Thus, in relative terms, the center is currently the seat of the most extensive and most representative collection of the zone's ethnographic objects in public hands. The center consists of three distinct sections: (1) the South Omo Ethnographic Museum, which possesses an extensive collection of ethnographic objects belonging to various ethnic groups of the zone (fig. 2); (2) the research section, where basic and applied research is conducted and which possesses several guesthouses and other facilities supporting research work (fig. 3); and (3) the library, which is the first public library of Jinka town and serves both researchers and local students.

KYHCTKAMEPA I KUNSTKAMERA № 3 (13) ■ 2021

Fig. 2. Partial views of SORC ethnographic museum display. 2018

As it is under the trusteeship of a research institute, i.e. the IES and Addis Ababa University at large, the center aspires to play a pivotal role in creating linkages between theory and practice in teaching-learning process by providing the students of material and spiritual cultures, such as anthropologists, archaeologists and art historians, with ample opportunity to carry out practical research using the Museum's collections and the library.

MAIN OBJECTIVES

SORC and Museum serve as:

• An educational facility for schools and the general public in South Omo.

• An institution for learning and enlightenment for the citizens and visitors of Southern Ethiopia.

• A forum for debates about the cultural diversity and transcultural understanding in Southern Ethiopia. These debates may be organized and conducted by the authorities of South Omo, the Southern Nations and Nationalities Regional State, the Institute of Ethiopian Studies, and scholars from abroad.

• A facility for academic research in all fields of scholarship, including anthropology, archaeology, historical linguistics, botany, zoology, geology, and the like.

• A museum and documentary center with library, cultural and natural exhibits, and all forms of contemporary data collections (i.e. video, sound tapes, computer databases, photographs, and the like).

Fig. 3. The South Omo Research center. 2018

MAIN ACHIEVEMENTS

• The museum section houses a good artifact collection;

• The center carries out research projects in South Omo Zone together with other partners;

• SORC has the only public library in South Omo Zone;

• Commercialization of artifacts: running income generating projects for the surrounding community through selling their artifacts on a mutual benefit base;

• Promoting South Omo cultural and natural diversity;

• Providing facilities for researchers.

MAJOR CHALLENGES

Due to the scope limitation of this paper, it does not discuss all the internal and external challenges faced by the SORC ethnographic museum.

LACK OF WELL-TRAINED HUMAN RESOURCES / STAFF

The nature of an ethnographic museum and the idea of showcasing a living culture require highlevel professionalism and profound knowledge of the dynamics of the local culture and politics. Like many museums in Africa and in Ethiopia in particular, SORC suffers from a lack of well-trained workforce. This problem could be attributed to different factors that are internal and external to SORC. The supply of museum professionals in Ethiopia is minimal, academic museology programs being nascent there. In Ethiopia's higher education, the academic programs related to museums are archaeology, history, anthropology, and heritage management.
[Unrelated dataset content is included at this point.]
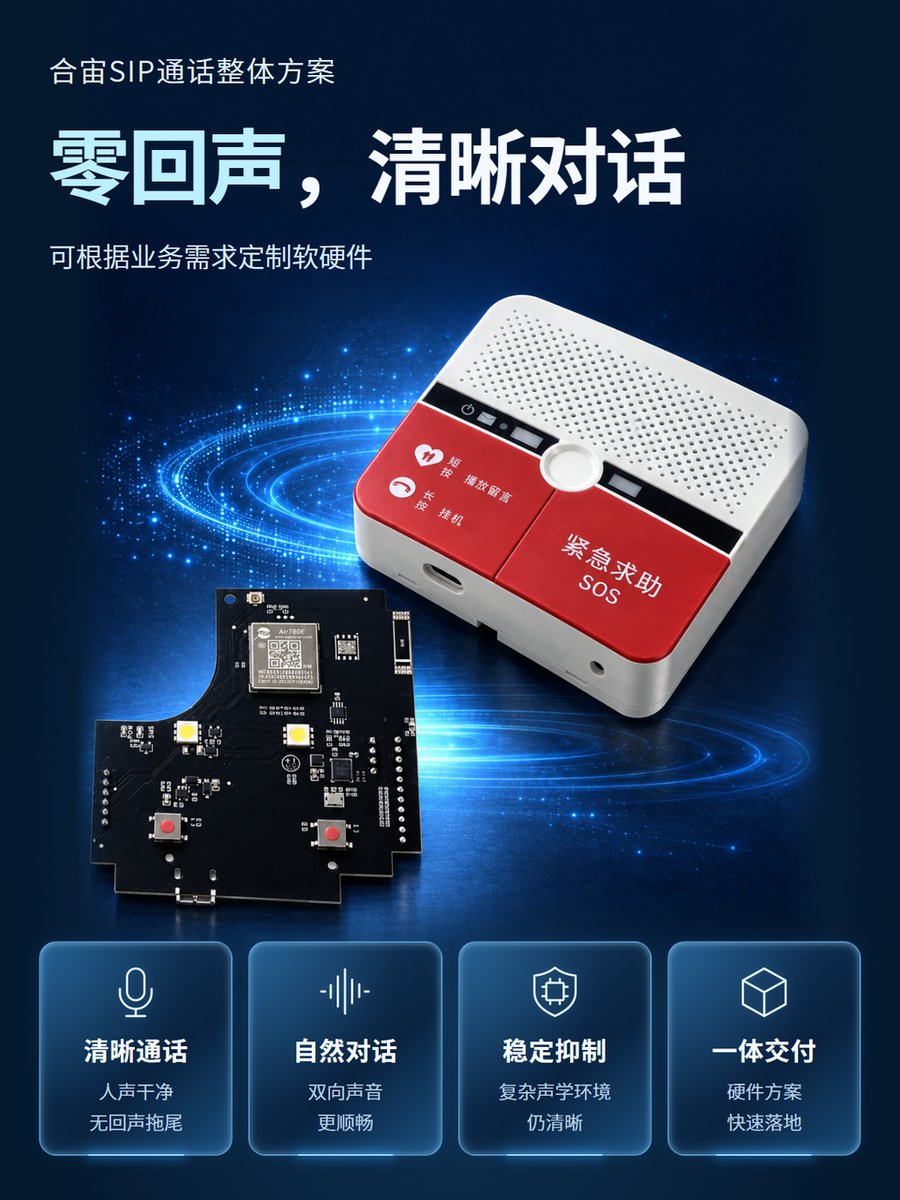 原文配图 7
Within these programs, museum related courses are very limited. Most museums in the country are managed by people with no formal professional museum training.

The geographical location of a working place affects the willingness of professionals to work there. Consequently, the very few museum-related graduates are not willing to work in institutions such as SORC, which is located 800 km away from the capital in a tiny town. This is unattractive for the semiprofessionals from Addis Ababa.

ETHNIC FEDERALISM, DIVERSITY AND OWNERSHIP OF ETHNOGRAPHIC MUSEUMS

After the fall of the socialist military government in 1991, Ethiopia's economic and political topography was constructed according to the principles of ethnic federalism. This led to the country being divided into nine regional states and two chartered cities. Ethnic identity was the primary if not the only criterion employed in demarcating the regional states. The ethnic federalism and subsequent claims for economic and political rights have created a considerable influx of autochthony. Questions such as "who is native?" arise.

Cultural and ethnic diversity is a fertile ground for museums and cultural tourism in terms of attracting tourists. However, this very same opportunity, if not managed properly, could have a disastrous impact on ethnographic museums. This challenge can be even more exacerbated within a system in which every benefit and share of the resource is claimed and distributed as based on ethnic lineages and identity. The question of ownership is still pending when it comes to SORC and the Museum.

To sum up, autochthony, being a result of ethnic federalism in the Ethiopian case, is a major source of tension for ethnographic museums in the fields of ownership, collecting and exhibiting. In the specific case of SORC, even though it houses the most extensive and most representative collection of the Zone's ethnographic objects in public hands, the situation is even more critical given the ethnic diversity the museum is trying to represent in its collection and exhibitions.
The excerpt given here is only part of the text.